### Work instruction
From the entries that follow, copy exactly the lines beginning at the line holding "Toyota Land Cruiser" and continuing through the line holding "127 Faunce Corner".
[Study material Boundary: Start]
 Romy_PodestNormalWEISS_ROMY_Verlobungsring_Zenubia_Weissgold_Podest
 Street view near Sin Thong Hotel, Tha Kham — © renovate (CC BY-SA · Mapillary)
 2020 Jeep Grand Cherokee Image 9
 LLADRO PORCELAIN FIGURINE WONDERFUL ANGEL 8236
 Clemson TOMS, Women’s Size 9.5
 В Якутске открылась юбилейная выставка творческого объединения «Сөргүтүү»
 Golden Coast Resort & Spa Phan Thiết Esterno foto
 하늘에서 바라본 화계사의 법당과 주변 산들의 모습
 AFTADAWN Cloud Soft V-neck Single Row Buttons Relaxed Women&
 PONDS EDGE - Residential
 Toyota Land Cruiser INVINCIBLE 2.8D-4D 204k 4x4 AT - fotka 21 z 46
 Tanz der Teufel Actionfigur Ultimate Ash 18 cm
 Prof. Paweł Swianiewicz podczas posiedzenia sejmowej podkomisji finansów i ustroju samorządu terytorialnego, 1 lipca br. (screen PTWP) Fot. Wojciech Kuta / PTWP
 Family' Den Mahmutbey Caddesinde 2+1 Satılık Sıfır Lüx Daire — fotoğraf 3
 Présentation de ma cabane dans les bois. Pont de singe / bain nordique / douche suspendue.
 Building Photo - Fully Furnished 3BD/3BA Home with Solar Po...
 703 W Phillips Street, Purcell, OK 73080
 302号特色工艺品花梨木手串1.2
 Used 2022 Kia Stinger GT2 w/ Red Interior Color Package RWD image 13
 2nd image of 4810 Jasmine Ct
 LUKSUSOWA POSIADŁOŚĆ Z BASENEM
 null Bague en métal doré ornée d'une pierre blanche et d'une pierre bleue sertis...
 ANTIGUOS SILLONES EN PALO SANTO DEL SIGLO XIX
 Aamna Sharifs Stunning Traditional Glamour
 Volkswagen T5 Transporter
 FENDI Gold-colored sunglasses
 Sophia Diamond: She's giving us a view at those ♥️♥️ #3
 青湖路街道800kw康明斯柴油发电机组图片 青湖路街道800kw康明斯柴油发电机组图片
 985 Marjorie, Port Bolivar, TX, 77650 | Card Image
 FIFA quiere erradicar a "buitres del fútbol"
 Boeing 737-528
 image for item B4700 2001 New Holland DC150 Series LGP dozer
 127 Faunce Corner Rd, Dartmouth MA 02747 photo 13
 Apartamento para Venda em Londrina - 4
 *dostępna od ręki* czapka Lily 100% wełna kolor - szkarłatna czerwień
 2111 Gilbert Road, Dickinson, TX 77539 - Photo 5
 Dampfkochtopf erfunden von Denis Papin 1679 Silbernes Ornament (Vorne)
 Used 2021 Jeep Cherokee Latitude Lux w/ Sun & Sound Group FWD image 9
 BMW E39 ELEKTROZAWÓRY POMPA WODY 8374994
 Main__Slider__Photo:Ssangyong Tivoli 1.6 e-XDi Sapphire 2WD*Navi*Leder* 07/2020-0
[Study material Boundary: End]
### Result for this task
 Toyota Land Cruiser INVINCIBLE 2.8D-4D 204k 4x4 AT - fotka 21 z 46
 Tanz der Teufel Actionfigur Ultimate Ash 18 cm
 Prof. Paweł Swianiewicz podczas posiedzenia sejmowej podkomisji finansów i ustroju samorządu terytorialnego, 1 lipca br. (screen PTWP) Fot. Wojciech Kuta / PTWP
 Family' Den Mahmutbey Caddesinde 2+1 Satılık Sıfır Lüx Daire — fotoğraf 3
 Présentation de ma cabane dans les bois. Pont de singe / bain nordique / douche suspendue.
 Building Photo - Fully Furnished 3BD/3BA Home with Solar Po...
 703 W Phillips Street, Purcell, OK 73080
 302号特色工艺品花梨木手串1.2
 Used 2022 Kia Stinger GT2 w/ Red Interior Color Package RWD image 13
 2nd image of 4810 Jasmine Ct
 LUKSUSOWA POSIADŁOŚĆ Z BASENEM
 null Bague en métal doré ornée d'une pierre blanche et d'une pierre bleue sertis...
 ANTIGUOS SILLONES EN PALO SANTO DEL SIGLO XIX
 Aamna Sharifs Stunning Traditional Glamour
 Volkswagen T5 Transporter
 FENDI Gold-colored sunglasses
 Sophia Diamond: She's giving us a view at those ♥️♥️ #3
 青湖路街道800kw康明斯柴油发电机组图片 青湖路街道800kw康明斯柴油发电机组图片
 985 Marjorie, Port Bolivar, TX, 77650 | Card Image
 FIFA quiere erradicar a "buitres del fútbol"
 Boeing 737-528
 image for item B4700 2001 New Holland DC150 Series LGP dozer
 127 Faunce Corner Rd, Dartmouth MA 02747 photo 13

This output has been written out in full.